Three Phases of Career Progression

A common mistake I have observed clients make is waiting until the last minute to focus on a job change. I am not pointing fingers, I’ve done it, and probably so have you.  Can you relate to any of the following scenarios?

  • Opportunity Knocks – you just had a great end-of-year review; the boss loves your work, and she asks, “What do you want to do?” Unfortunately, you do not have a well-thought-out response.
  • Bad Boss – you suffer under a micro-managing, bad boss that sucks the joy out of work. They just assigned you another project with insufficient resources and put daily meetings on your calendar to monitor your progress.  You tell yourself, “I’m going to find a new job!”
  • Education to Nowhere – you have invested in yourself. While working full-time you enrolled at the local university, giving up your social life to work nights and weekends to earn your degree.  Colleagues congratulate you, but the degree does not translate into a promotion or pay raise.
  • Writing on the Wall – rumors are flying. The department is going to be shut down.  The company is up for sale.  Profit and revenue are down.  Or layoffs are just around the corner.  You decide to wait and see what happens.  Rumors are often just that…right?

In all these scenarios, we would benefit from consistently and systematically using a strategy to identify and pursue career opportunities.  Waiting to the last minute is like calling a friend you have not spoken with in years and asking them for money.  It will be an awkward conversation, and the answer is NO.

Be ready for new opportunities, navigate bad bosses, capitalize on acquiring new skills and education and prepare for the unexpected by mastering the three phases of career progression.

Explore Phase

Good career management always starts with discovering your interests.  The best opportunities are at the intersection of your purpose, values, and skills. We benefit from taking the time to explore new opportunities.  How? I recommend setting aside time once a month to have one of four types of networking meetings:

  1. Industry Networking – met people within your industry. The goal is to increase your business acumen, which will help you perform better in your job.  It will also help you identify trends in your industry.  Is your industry growing, consolidating, or evolving?
  2. Company Networking – met people both inside and outside your current department. This helps you expand your internal contacts. Getting diverse perspectives helps you determine which “rumors” are true, and what is just idol gossip.  As you apply for higher-level positions it is important for colleagues around the company to know who you are.
  3. Social Networking – met people in your social circle. This expands your external contacts and broadens your lens of opportunity.  Your friends know great individuals that can help accelerate your career.  The problem is you don’t know them because you never asked.
  4. Role Networking – met people that have the same role you currently have, but they work outside your company or outside your industry. This grows your functional knowledge, allows you to perform better in your role, and alerts you to new opportunities outside your company.

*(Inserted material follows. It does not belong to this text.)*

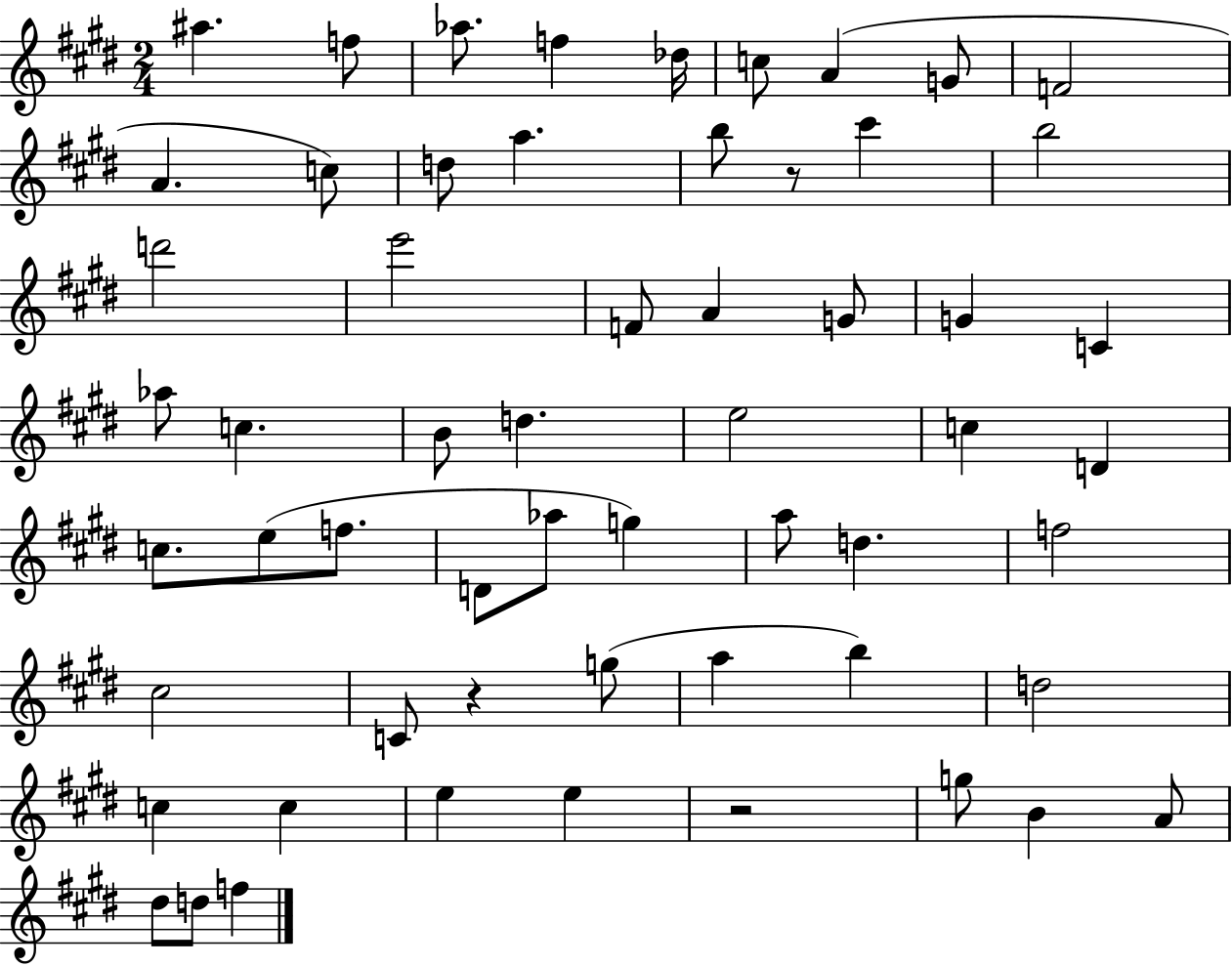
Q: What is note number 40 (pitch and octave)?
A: C#5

Use networking to explore and identify what roles you would like in the future.  If you invest the time, you will not be caught off guard, and you’ll have a great answer to the question, “So what do you want to do next?”

Communication Phase

In the explore phase we identified opportunities based on our interests and skills.  Now we need to communicate our accomplishments and share how we add value to the role, so we get the job.  My first piece of advice is to develop the habit of reviewing your accomplishments three times a year (April, July, and October).  When you do follow these simple steps:

  1. Reflect on your work and select your top two accomplishments over the past few months.
  2. Use the “STAR” model to capture the accomplishment – describe the situation, task you were given, major actions you took, and the end results.
  3. Categorize the accomplishment in one of three buckets: a) increased revenue, market share and/or profit; b) reduced costs and/or risk to the company; or c) improved customer retention or service.

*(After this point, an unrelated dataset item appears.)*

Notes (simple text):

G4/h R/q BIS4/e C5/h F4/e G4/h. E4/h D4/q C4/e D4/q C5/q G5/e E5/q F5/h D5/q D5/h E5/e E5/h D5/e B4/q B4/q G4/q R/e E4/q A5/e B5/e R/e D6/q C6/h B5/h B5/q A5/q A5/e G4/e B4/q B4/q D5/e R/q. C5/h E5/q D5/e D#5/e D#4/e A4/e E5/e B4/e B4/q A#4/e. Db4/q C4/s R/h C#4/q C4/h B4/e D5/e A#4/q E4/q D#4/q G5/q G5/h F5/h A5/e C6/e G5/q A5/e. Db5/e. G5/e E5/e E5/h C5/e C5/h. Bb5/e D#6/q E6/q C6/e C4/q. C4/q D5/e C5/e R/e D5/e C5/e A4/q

Not consistently reviewing accomplishments is a major regret of job seekers.  It makes it difficult to update your resume, you forget accomplishments, or your accomplishments do not seem as impressive because you cannot remember the details or cannot denominate the results.  Just do it!

Deliver Phase

Effectively communicating your value puts the odds in your favor for interviewing well and landing your desired job.  But after you start that new job, there is one more phase.  The deliver phase validates the hiring manager’s decision to select you and prevents buyer’s remorse.  To do that we must deliver now and in the future.

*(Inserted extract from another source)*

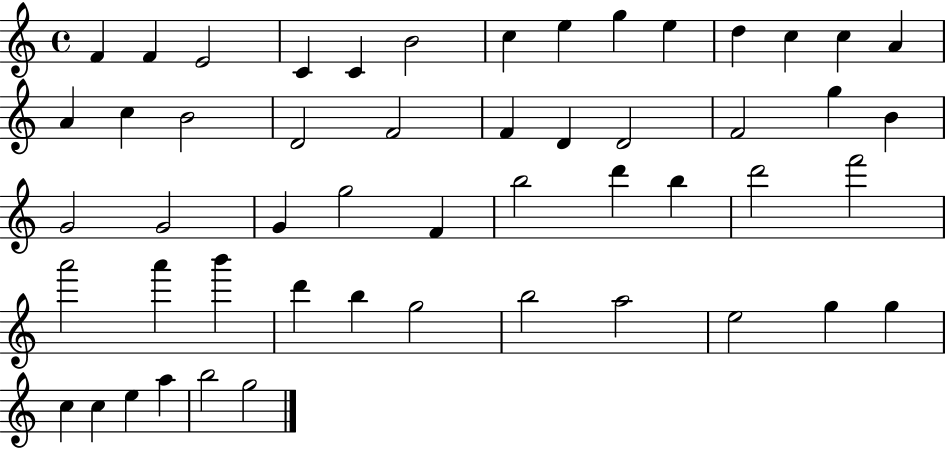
F4/q F4/q E4/h C4/q C4/q B4/h C5/q E5/q G5/q E5/q D5/q C5/q C5/q A4/q A4/q C5/q B4/h D4/h F4/h F4/q D4/q D4/h F4/h G5/q B4/q G4/h G4/h G4/q G5/h F4/q B5/h D6/q B5/q D6/h F6/h A6/h A6/q B6/q D6/q B5/q G5/h B5/h A5/h E5/h G5/q G5/q C5/q C5/q E5/q A5/q B5/h G5/h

We deliver now by focusing on results.  What can we accomplish in the first 90 days, 6-months, and 12-months?  Work with your manager to identify these milestones.  We deliver in the future by acquiring the new skills and connections to prepare us for added responsibilities and the next level job.

Bottom Line

Career progression is a continuous cycle of exploring, communicating, and delivering.  Developing good habits makes the journey enjoyable and manageable.